- Born: 19 December 1986 (age 39) Sydney, Australia
- Occupations: Actor; writer;
- Spouse: Kara Wilson ​(m. 2020)​
- Children: 3

= Luke Cook =

Australian actor (born 1986)

Luke Cook (born 19 December 1986) is an Australian actor, director, writer, and content creator, known for his role as Lucifer in the Netflix series Chilling Adventures of Sabrina.

== Early life ==
Cook was born in Sydney, Australia, and is the youngest of five children. Cook grew up in a religious family with his father being a church minister.

In grade six he auditioned for his school play by impersonating Frank Sinatra, and was so thrilled by the audience reaction that he decided to become an actor.

== Career ==
While studying acting in Sydney, Cook met a manager from Los Angeles who encouraged him to move to California which he did at the age of 22. Cook spent ten years in LA pursuing acting before his big break and noted that he was given some great opportunities to be on major shows, but issues popped up along the way: "Looking back, there's a very funny story. When I got off the plane, I had two big tv shows booked, and couldn't do them because of my visa. I even thought to myself whenever I booked them, 'I haven't worked hard enough for this,' and as soon as I thought that, I couldn't work because of my visa. After that I didn't book anything for years. Then I had to grind and grind for years. It's funny the way the universe works, or God, or whatever you like to call it." In between acting roles, Cook worked as a bartender and credits the decade of struggle for helping him to not take anything for granted.

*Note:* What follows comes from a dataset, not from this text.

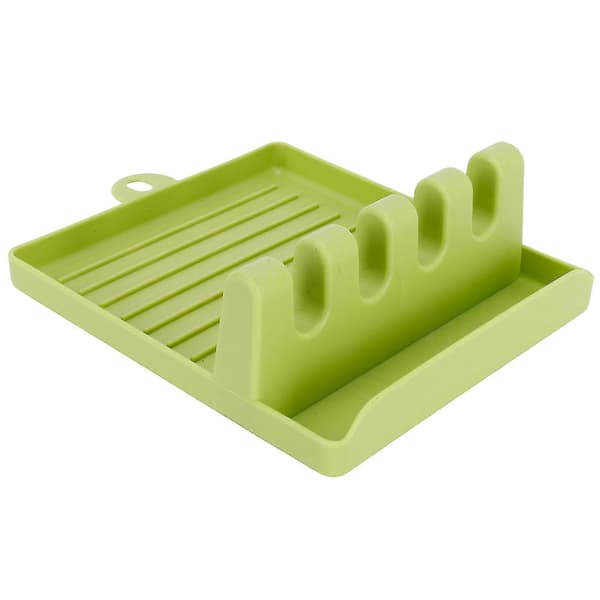 Kitchen Utensil Storage Multifunctional Pot Lid Holder and Plastic Spatula Organizer Green -Sy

The first role he scored in Los Angeles was in the sitcom Mystery Girls starring Tori Spelling and Jennie Garth, playing RuPaul's evil assistant.

In 2016, Cook wrote and performed the starring role in the short film Good Morning. The film was an official selection at a number of film festivals, and Cook won the 2017 Flagler Film Festival award for Best Actor, Drama/Thriller.

In 2017, Cook made his feature film debut in Guardians of the Galaxy Vol. 2. In the same year, he played opposite Al Pacino in the theatre production of God Looked Away.

Playing the role of Lucifer Morningstar, Cook shot the first series of Chilling Adventures of Sabrina in November 2018 and the next series in July 2019.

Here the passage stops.